また、刊行物1に記載された発明の「断続的なエア」と本願発明の「水」とは塵埃除去用流体という点で共通し、以下同様に、「断続的なエアが吐出する第2ノズル115の吐出部」と「水噴出口」とは塵埃除去用流体の噴出口という点で共通し、「エアーシャワー室」と「水エアシャワー装置」とはエアシャワー装置という点で共通する。

したがって、両者は、
「清浄空気噴出口は、摺動自在にその向きを変更可能に支持された球状体ダクトに設けられ、塵埃除去用流体の噴出口は前記清浄空気噴出口内に清浄空気噴出口と中心線を一致させて設けてなる塵埃除去用流体の噴出口と清浄空気噴出口との両噴出口を併設するノズルを複数基、シャワー室内に向け塵埃除去用流体及び清浄空気を噴出するよう設けたエアシャワー装置。」
である点で一致し、以下の点で相違している。

〔相違点〕
本願発明では、塵埃除去用流体が「水」であって、塵埃除去用流体の噴出口が「水噴出口」であり、エアシャワー装置が「水エアシャワー装置」であるのに対し、
刊行物1に記載された発明では、塵埃除去用流体が「断続的なエア」であって、塵埃除去用流体の噴出口が「第2ノズル115の吐出部」であり、エアシャワー装置が「エアーシャワー室」である点。

第4 当審の判断
そこで、相違点について検討する。
刊行物2には、清浄室に入室する際に用いられるシャワー装置に関して、「清浄度が厳格に要求される清浄室においては、空気シャワー手段以外に、清浄水を噴霧する水シャワー手段を併用する」ことが記載(前記第2の2(2))されており、この記載からみて、清浄水の噴霧はより清浄度を高めることを目的としたものであることが明らかである。
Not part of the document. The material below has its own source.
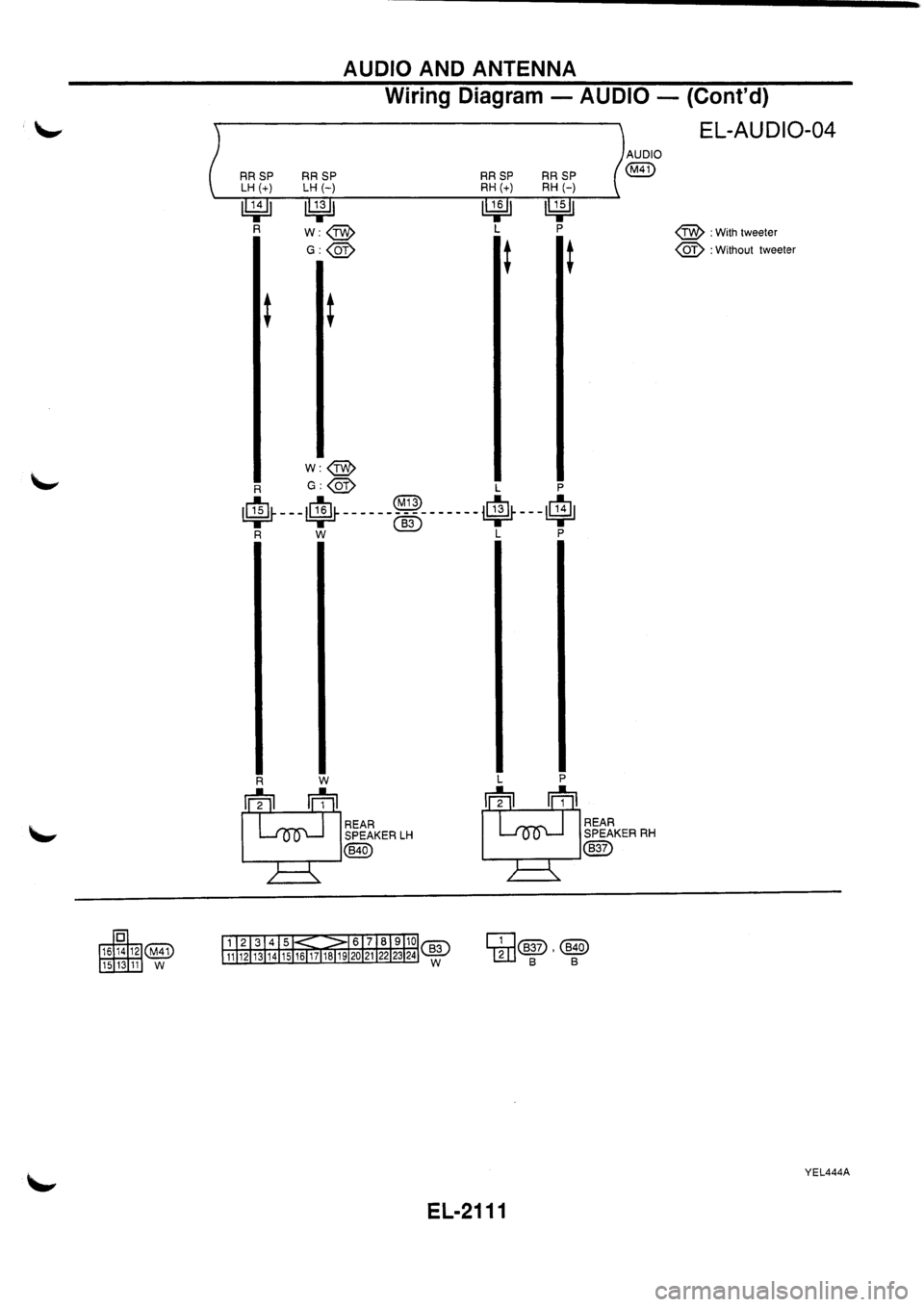 NISSAN PRIMERA 1998  Service Repair Manual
また、刊行物2には、水シャワー手段の使用に関して、空気シャワー手段と適宜組み合わせて使用することが記載され(前記第2の2(3))、具体的な態様として、噴霧ノズル26を水シャワー用、噴霧ノズル28を空気シャワー用にする他に、噴霧ノズルを水シャワーと空気シャワーに区別なく共用し、いずれか一方を噴霧することが記載されている(前記第2の2(4)ないし(6))。
そして、「噴霧ノズルを水シャワーと空気シャワーに区別なく共用」できることは、噴霧ノズルに対して水と空気とが互換して使用できることを示唆するものといえる。

一方、刊行物1に記載された発明の「断続的なエア」は、一層高圧となるように構成することが好ましく、特に汚れのひどい箇所について「打たせ水」のごとく塵埃等を除去することで除去効果を高めるものである。
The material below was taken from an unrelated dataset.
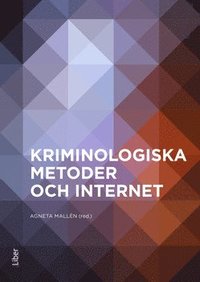 Kriminologiska metoder och internet (häftad)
そうしてみると、刊行物1に記載された発明の「断続的なエア」と刊行物2の「清浄水」とは、清浄空気を単独に噴出する場合に対して、より清浄度を高めるためのものであることで共通し、しかも、刊行物2には、噴霧ノズルに対して水と空気とが互換して使用できることが示唆されているから、刊行物1に記載された発明において「断続的なエア」に代えて「水」を用い、塵埃除去用流体の噴出口を「水噴出口」とし、エアシャワー装置を「水エアシャワー装置」とすることは、当業者が容易に想到し得たことである。

そして、本願発明を全体としてみても、その効果は、刊行物1に記載された発明及び刊行物2に記載された事項から、当業者が予測できる範囲内のものであって、格別なものでない。
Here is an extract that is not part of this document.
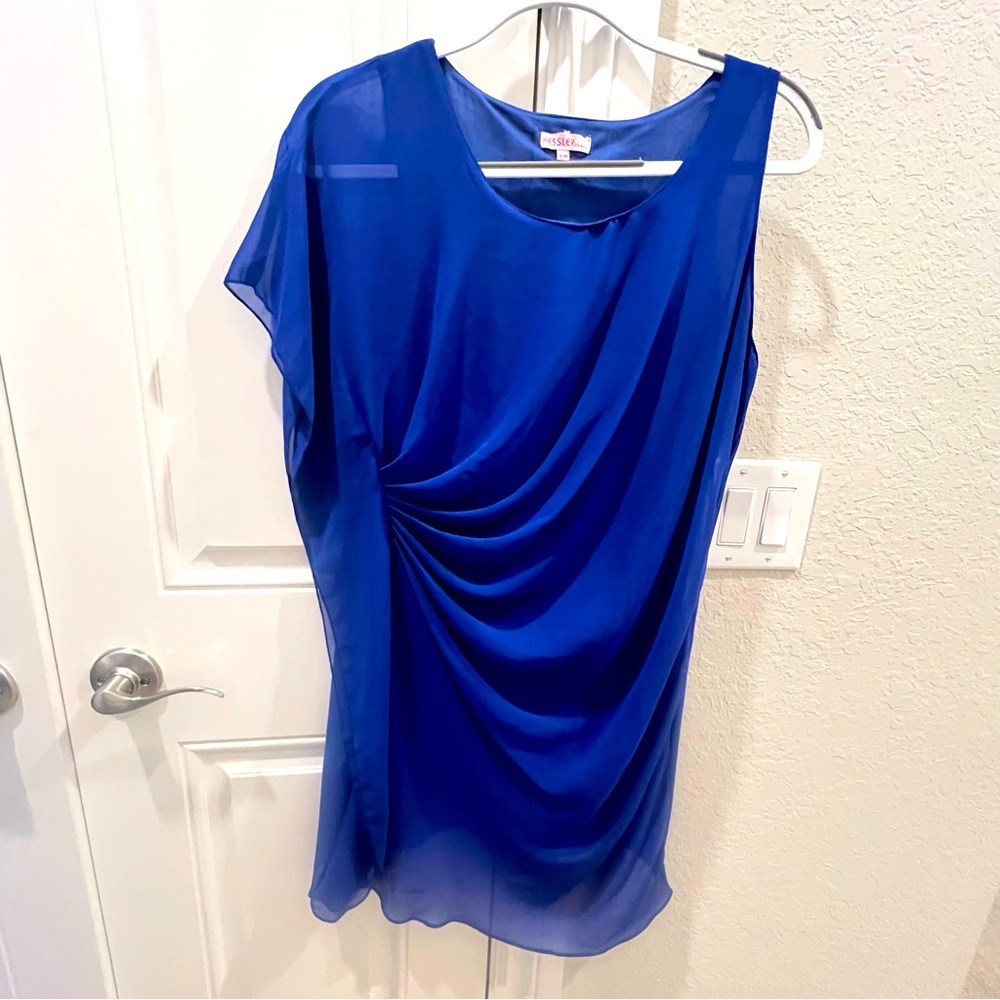 Kessley Royal Blue Dress Women's Size S/MMADE IN THE‎ USA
なお、請求人は、「清浄空気と水という、異質の洗浄媒体が混じり合った状態で被処理体に当たることによる塵埃等の付着物への剥離効果が増大する」(審判請求書第3.(d))と述べているので、その点を検討すると、請求項1には水と清浄空気を同時に使用するとの明示はないが、そのように解したとしても、刊行物1には、継続的なエア流と断続的なエア流が重畳的に吐出されて高い除去効果が奏されること(前記第2の1(4)及び(5))や継続流と断続流が同時に吐出すること(図3の左側のエアーシャワー用ノズル参照。)が記載されており、刊行物2の清浄水がより清浄度を高めることを目的としたものであることからみて、当業者が予測できる範囲内のものといえる。

したがって、本願発明は、刊行物1に記載された発明及び刊行物2に記載された事項に基いて当業者が容易に発明をすることができたものである。

第5 むすび
以上のとおりであるから、本願発明は、刊行物1に記載された発明及び刊行物2に記載された事項に基いて当業者が容易に発明をすることができたものであるから、特許法第29条第2項の規定により特許を受けることができない。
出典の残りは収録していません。